In this article I'm going to show you my personal implementation of MergeSort algorithm, realized with C#. The scope of this implementation is not to find the faster way to implement the famous algorithm (you can easily find dozens of implementations with a quick search). The scope is to create and share an implementation based on classes and objects, trying to organize and decouple the code that usually is completely written in a big unreadable method. Voluntarily, I didn't use any function or object from .NET libraries, because I wanted to maintain the solution "platform independent" as much as possible.

In my approach I'll try to divide responsibilities, putting it in different classes and writing (hopefully) a "clean code". Still, I'll support my implementation with a small test suite I created to develop the algorithm with a TDD approach.

The scope of this article is not to teach you about something, but simply to share with you what I made, to collect as many suggestions and improvements as possible, so feel free to make your observations.

The original MergeSort algorithm

Below you can find the description of MergeSort algorithm, taken from Wikipedia.
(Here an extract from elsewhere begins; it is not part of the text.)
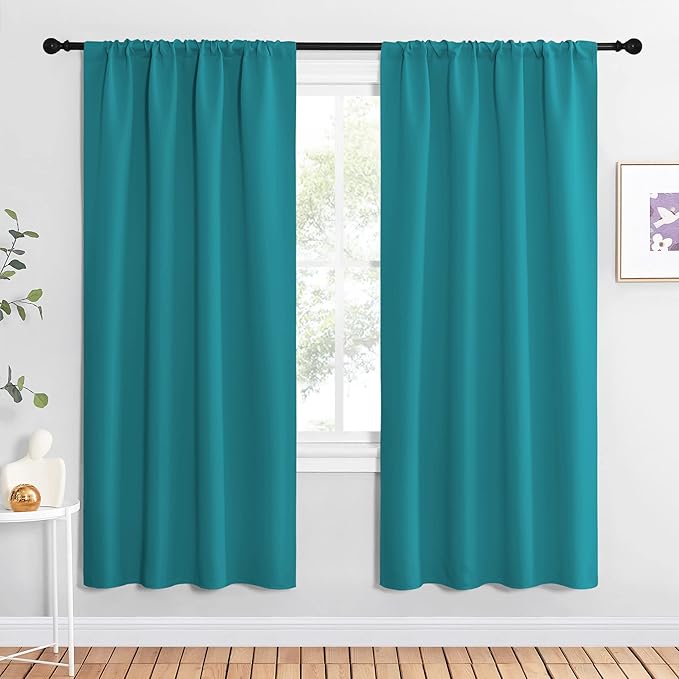 NICETOWN Peacock Blue Blackout Curtains Panels for Window, Thermal Insulated Rod Pocket Blackout Drapes/Draperies for Living Room (2 Panels, W42 x L72 inches) by NICETOWN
Conceptually, the algorithm starts from an unsorted list and works in the following way:

  1. Divide the unsorted list into n sublists, each containing one element (a list of one element is considered sorted).
  2. Repeatedly merge sublists to produce new sublists until there is only one sublist remaining. (This will be the sorted list.)

The pseudo code usually needed to implement the algorithm contains these two functions:

  • merge_sort function
  • Merge function

And it appears like this (from Wikipedia):

function merge_sort(list m)
    // if list size is 1, consider it sorted and return it
    if length(m) <= 1
        return m
    // else list size is > 1, so split the list into two sublists
    var list left, right
    var integer middle = length(m) / 2
    for each x in m before middle
         add x to left
    for each x in m after or equal middle
         add x to right
    // recursively call merge_sort() to further split each sublist
    // until sublist size is 1
    left = merge_sort(left)
    right = merge_sort(right)
    // merge the sublists returned from prior calls to merge_sort()
    // and return the resulting merged sublist
    return merge(left, right)

function merge(left, right)
    var list result
    while length(left) > 0 or length(right) > 0
        if length(left) > 0 and length(right) > 0
            if first(left) <= first(right)
                append first(left) to result
                left = rest(left)
            else
                append first(right) to result
                right = rest(right)
        else if length(left) > 0
            append first(left) to result
            left = rest(left)
        else if length(right) > 0
            append first(right) to result
            right = rest(right)
    end while
    return result

Mmmh....this pseudo-code version seems to do a lot of things in the same functions: check length of arrays, compare numbers, manage iterations...actually too much things for only two functions. This is a very good example on how to try decompose responsibilities. Let's go.

How my code works

Well, looking into this MergeSort I found three big responsibilities, that describe the main steps of the algorithm. Running MergeSort, we always need to:

  • Split original array in parts smaller than two elements;
  • Sort the split arrays with a compare between elements;
  • Merge the sorted arrays;

For this behaviors, I created three objects, named

  • ArraySplitter
  • ComparableArray
  • Merger

Everything is driven from a class named "MergeSort" that uses this three objects in a very simple way, doing only three actions:

  • Split arrays
  • Sort split arrays
  • Merge arrays

And so, if you look at the code of this class, you can see this:

C#
public int[] Sort(int[] arrayToSort)
{
    if (arrayToSort.Length==1)
        return arrayToSort;

    if (arrayToSort.Length == 2)
    return SortTwoElements(arrayToSort[0], arrayToSort[1]);

    var splitter = new ArraySplitter(arrayToSort);
    int[] splittedArrayA = splitter.GetFirstPart();
    int[] splittedArrayB = splitter.GetSecondPart();
            
    int[] sortedArrayA = Sort(splittedArrayA);
    int[] sortedArrayB = Sort(splittedArrayB);

    var merger = new Merger();
    return merger.Merge(sortedArrayA,sortedArrayB);
}

private int[] SortTwoElements(int firstElement, int secondElement)
{
    var min = (Math.Abs(firstElement + secondElement) - Math.Abs(firstElement - secondElement)) / 2;
    var max = (Math.Abs(firstElement + secondElement) + Math.Abs(firstElement - secondElement)) / 2;
    return new[] { min, max };
}

And finally, now, we are able to understand who is doing what, because at this level we don't see all the "technical stuff" or better we don't want to see how things are done, because this is something that we want to delegate to internal classes.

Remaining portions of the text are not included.